Following SIAM’s recent elections, we are pleased to announce our new Board and Council Members. Thank you to the entire slate of outstanding candidates for your willingness to serve the SIAM community in this capacity, and the SIAM members who cast your vote in the election.
Kathryn E. Brenan, The Aerospace Corporation*
Candidate Statement: My career as an industrial mathematician has been shaped by my work at The Aerospace Corporation, which operates a nonprofit Federally Funded Research and Development Center for the U.S. government. I have strived to solve real-world problems of interest to my customers in the defense and national security arenas through the development and application of numerical algorithms. By staying involved with SIAM in a variety of ways over the years, I have been able to foster new connections as well as maintain old connections with other applied mathematicians & computational scientists in academia, industry, and the national labs. At Aerospace, I have worked to form a community of SIAM advocates by promoting the benefits of SIAM Corporate membership, distributing SIAM News, and encouraging the hiring of applied mathematicians and computational scientists.

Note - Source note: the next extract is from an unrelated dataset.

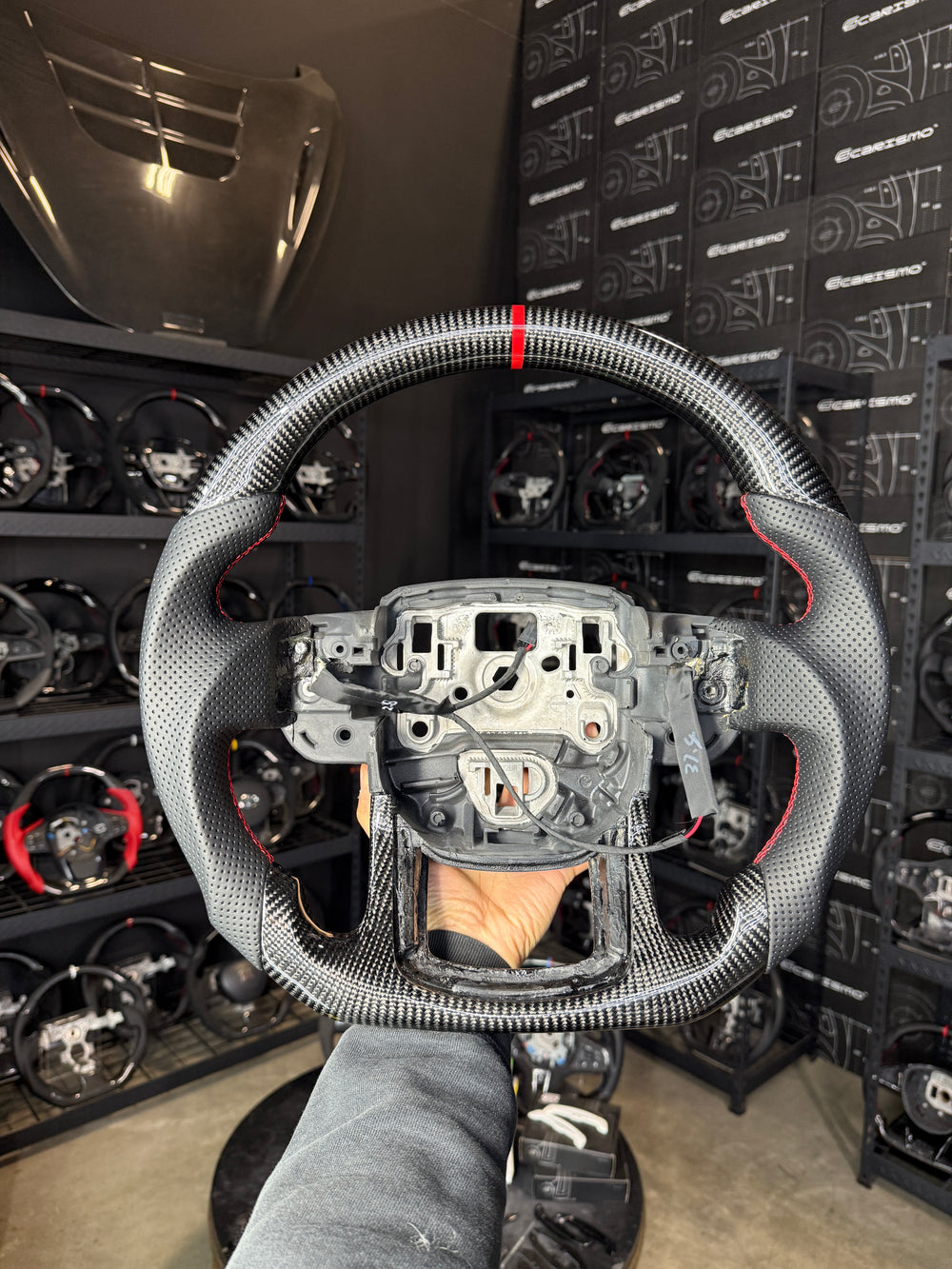 Carismo Steering Wheel For Range Rover Sport (L494) - Sport - Gloss Carbon - Perforated Leather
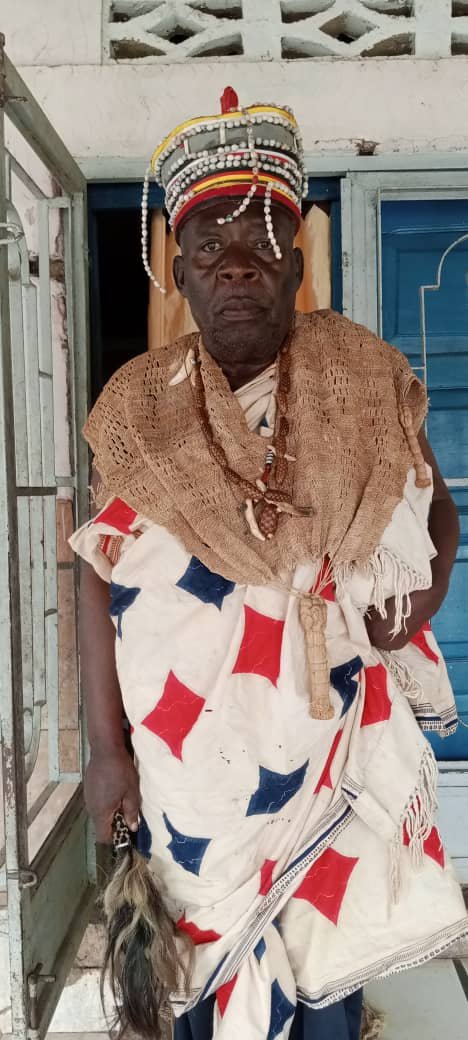 REELECTION DE FELIX TSHISEKEDI : LE CHEF COUTUMIER WELO KULU DIA YONA DE MATADI SOUTIEN UN MANDAT FRUCTUEUX REELECTION DE FELIX TSHISEKEDI : LE CHEF COUTUMIER WELO KULU DIA YONA DE MATADI SOUTIEN UN MANDAT FRUCTUEUX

My passion for SIAM, its members and its activities, was born during my graduate school days when I first delved into the study of differential-algebraic equations. I was charmed by the inclusiveness of SIAM members, namely SIAM’s diversity that enveloped students, professors, researchers, and industry practitioners all together. As the facets of diversity (e.g., gender, nationality, race, ethnicity, age, industry/academia) of SIAM members has evolved tremendously over the years, it is critical that we work to improve diversity in SIAM leadership (Board, Council, Committees) and conferences (speakers, organizers, students).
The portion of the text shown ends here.